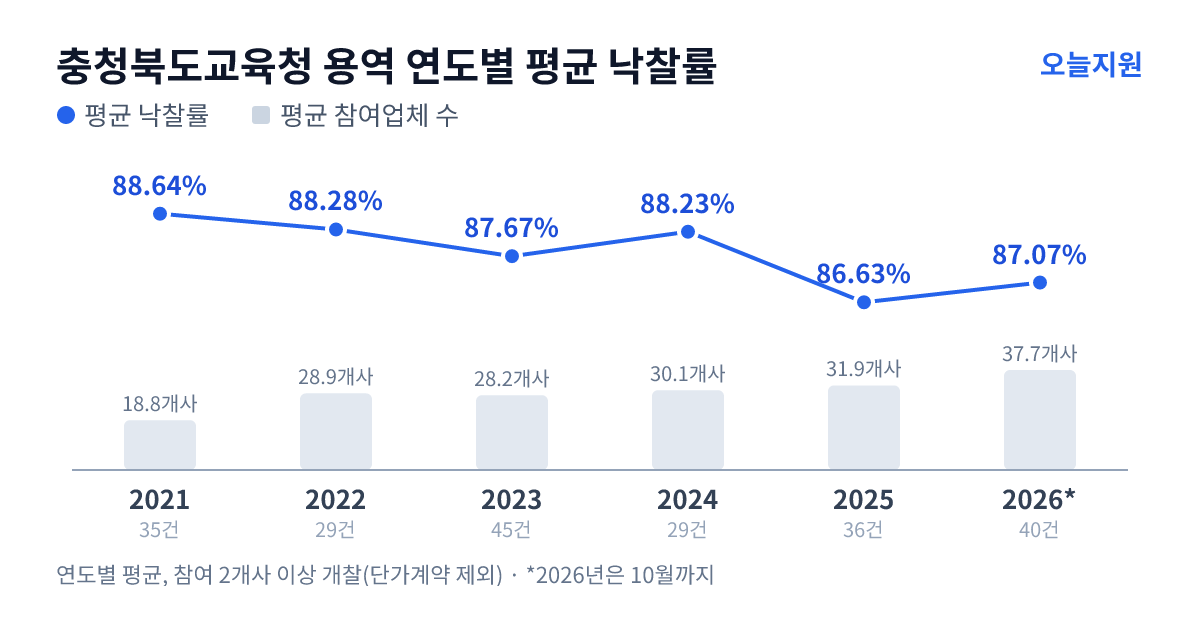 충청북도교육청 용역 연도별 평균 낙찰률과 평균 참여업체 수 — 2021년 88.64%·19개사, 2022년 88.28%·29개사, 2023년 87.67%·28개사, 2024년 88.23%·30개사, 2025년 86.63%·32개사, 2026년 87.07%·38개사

---

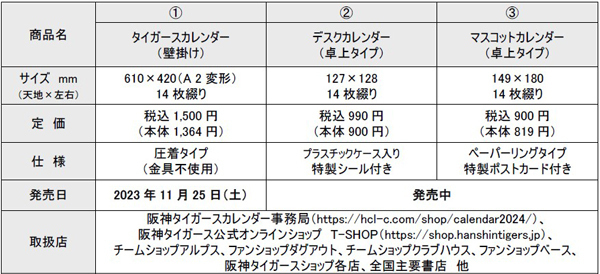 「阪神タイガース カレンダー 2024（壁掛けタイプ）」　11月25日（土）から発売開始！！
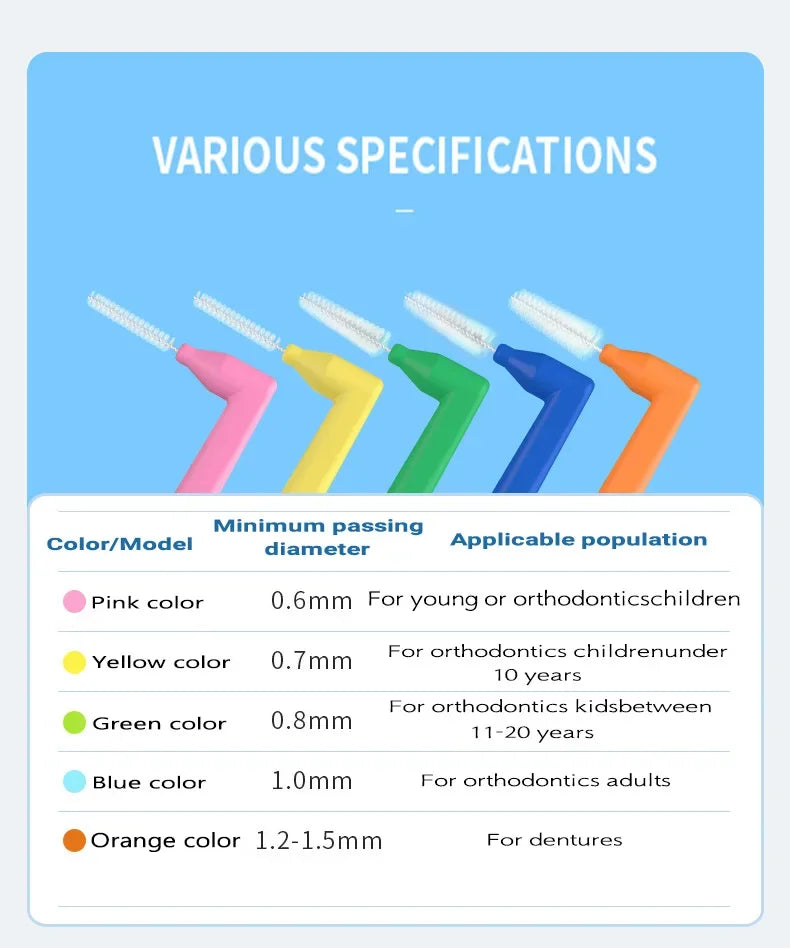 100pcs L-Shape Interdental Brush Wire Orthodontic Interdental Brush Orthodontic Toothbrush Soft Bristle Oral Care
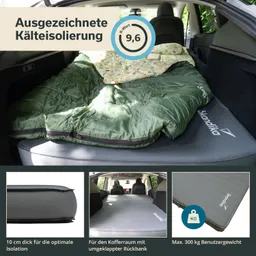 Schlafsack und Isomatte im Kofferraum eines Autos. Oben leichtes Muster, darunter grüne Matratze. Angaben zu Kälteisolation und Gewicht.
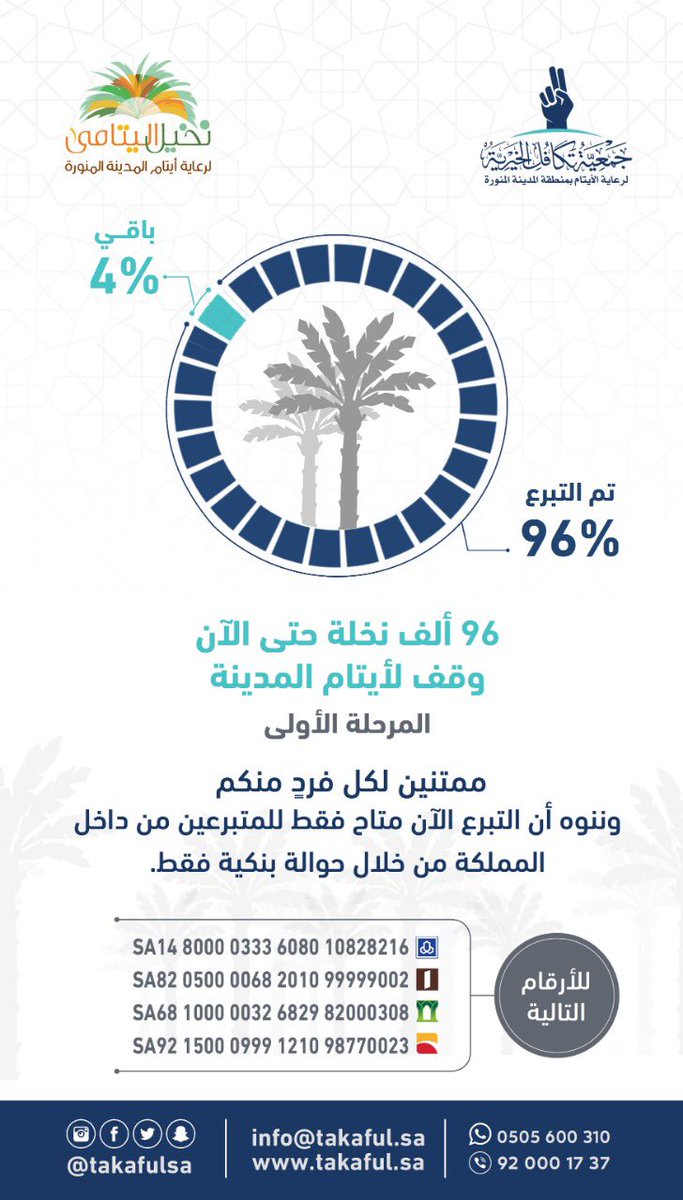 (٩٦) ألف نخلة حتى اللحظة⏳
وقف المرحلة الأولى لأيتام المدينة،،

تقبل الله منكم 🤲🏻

TASK PROMPT =>
Having found the line with "Schlafsack und Isomatte" and the line with "تقبل الله منكم 🤲🏻" in the material above, write out exactly those two and every line between, leaving the pictures out.

EXPECTED OUTPUT =>
 Schlafsack und Isomatte im Kofferraum eines Autos. Oben leichtes Muster, darunter grüne Matratze. Angaben zu Kälteisolation und Gewicht.
 (٩٦) ألف نخلة حتى اللحظة⏳
وقف المرحلة الأولى لأيتام المدينة،،

تقبل الله منكم 🤲🏻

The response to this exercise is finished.